▸ DATA UNDER STUDY:
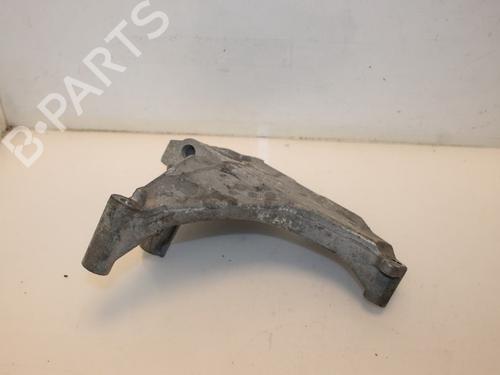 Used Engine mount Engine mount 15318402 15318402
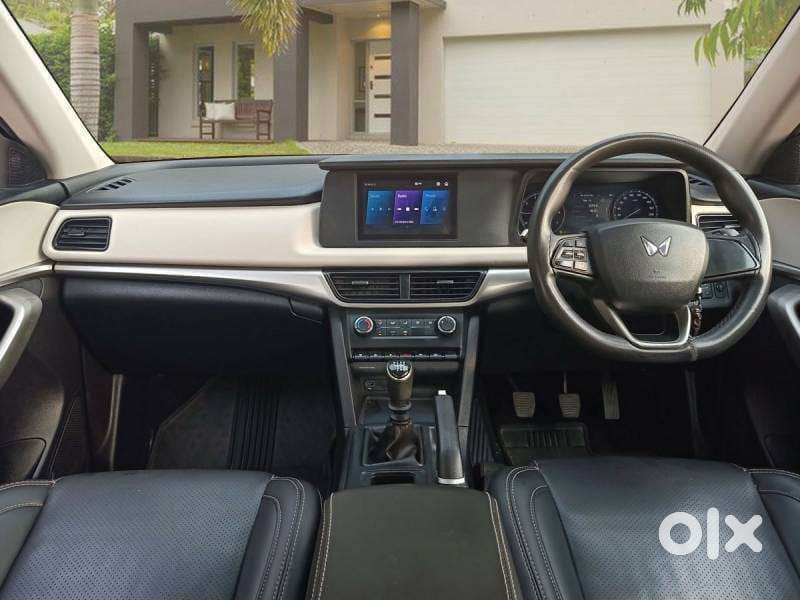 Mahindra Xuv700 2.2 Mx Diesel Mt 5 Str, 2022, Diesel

---

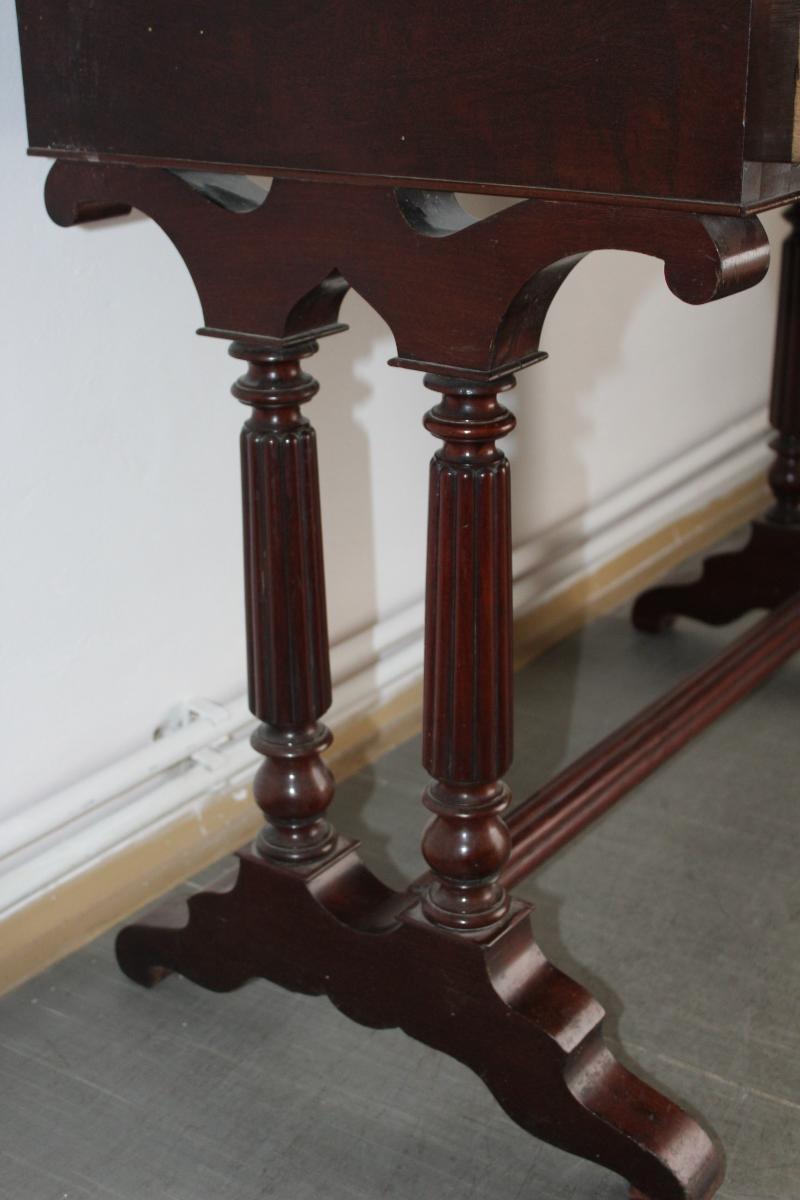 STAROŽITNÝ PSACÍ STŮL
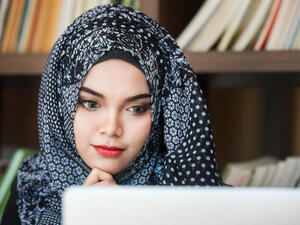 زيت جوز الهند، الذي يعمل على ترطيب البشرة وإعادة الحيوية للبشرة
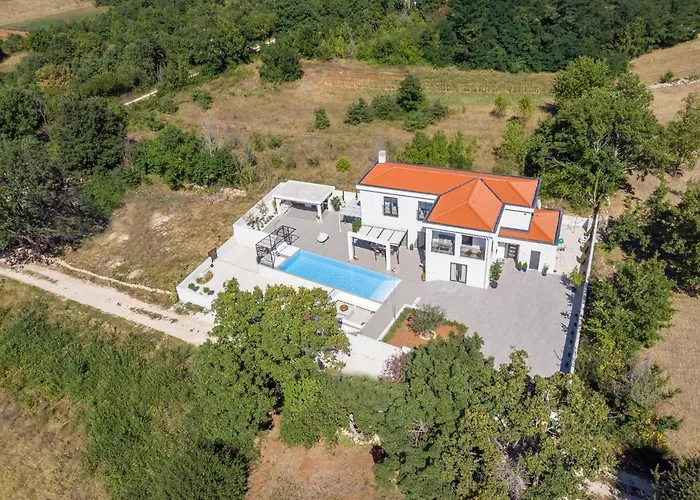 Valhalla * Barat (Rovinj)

--

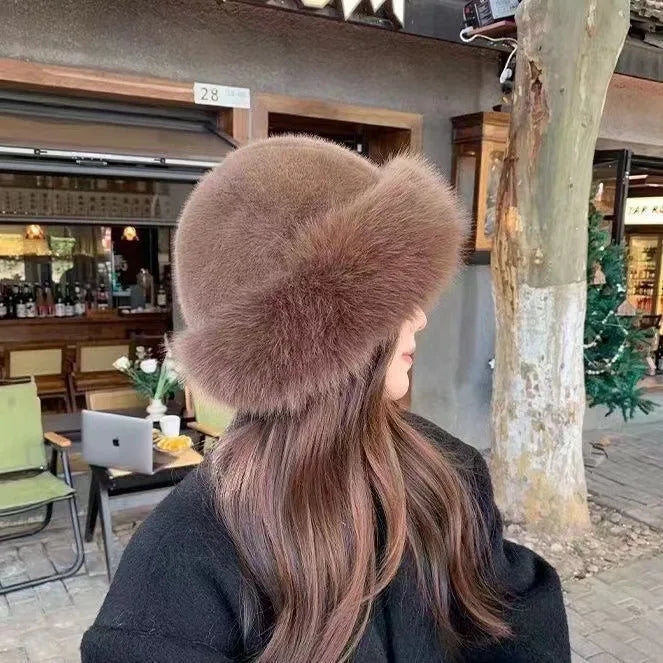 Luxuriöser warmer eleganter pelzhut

▸ YOUR OBJECTIVE: Please output, exactly as written, the lines above from the one holding "Used Engine mount" through the one holding "Mahindra Xuv700 2.2", both included, with the pictures omitted.

▸ EXERCISE RESPONSE:
 Used Engine mount Engine mount 15318402 15318402
 Mahindra Xuv700 2.2 Mx Diesel Mt 5 Str, 2022, Diesel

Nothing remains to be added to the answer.